■ DATA BLOCK:

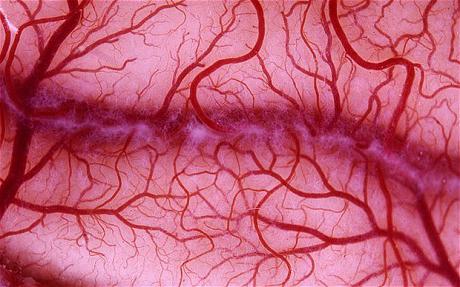 التهاب الأوعية الدموية: الأعراض والعلاج. التهاب الأوعية الدموية - ما هو هذا المرض؟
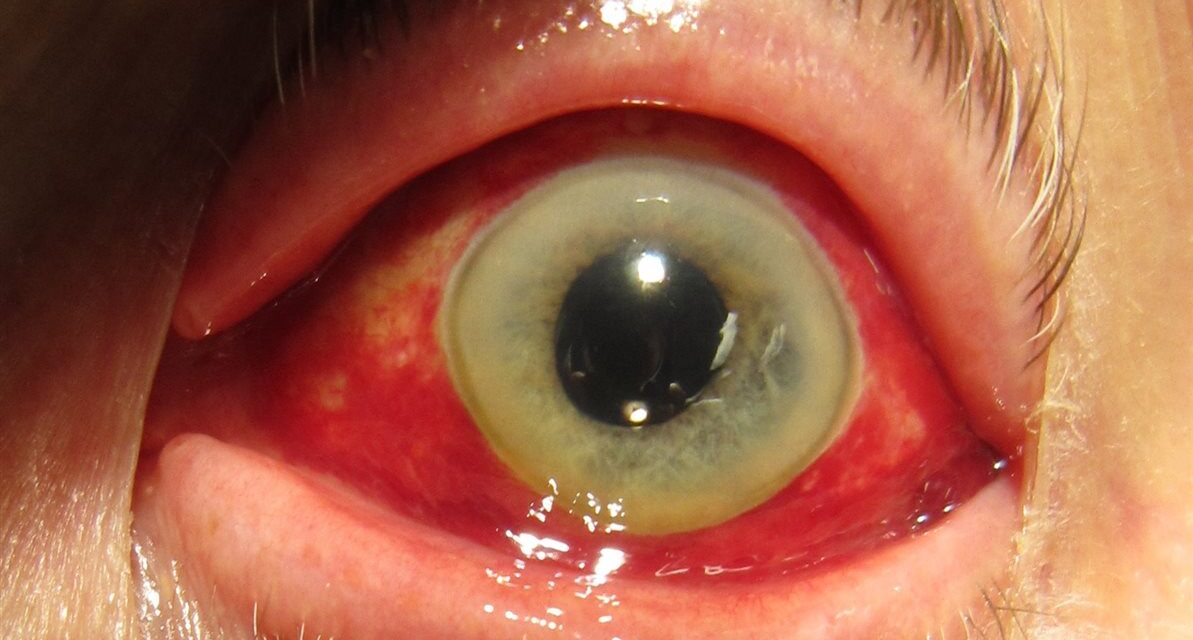 Subconjunctival Hemorrhage: Alarming to Look At, Almost Always Benign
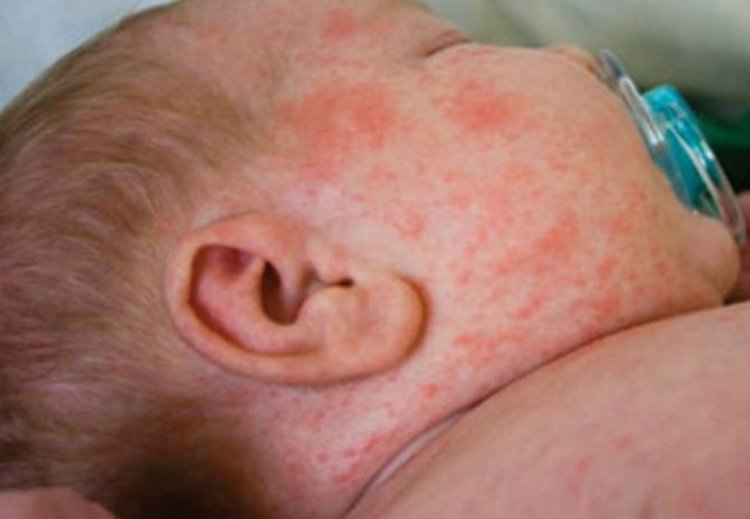 РЗИ: ваксинирайте децата срещу морбили, те са най-уязвими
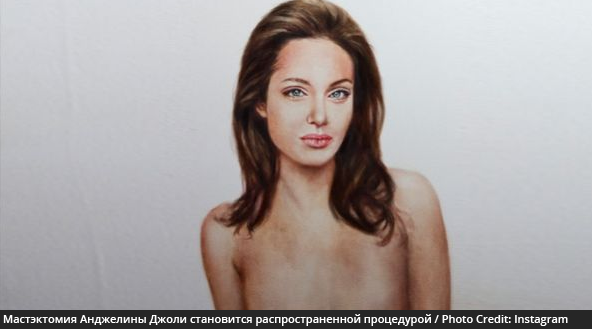 Мастэктомия, которую прошла Анджелина Джоли, становится более распространенной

■ YOUR INSTRUCTIONS:
Only the lines from the one holding "РЗИ: ваксинирайте децата" through the end of the data are to be printed, exactly as they stand and with no pictures.

■ WRITTEN RESPONSE:
 РЗИ: ваксинирайте децата срещу морбили, те са най-уязвими
 Мастэктомия, которую прошла Анджелина Джоли, становится более распространенной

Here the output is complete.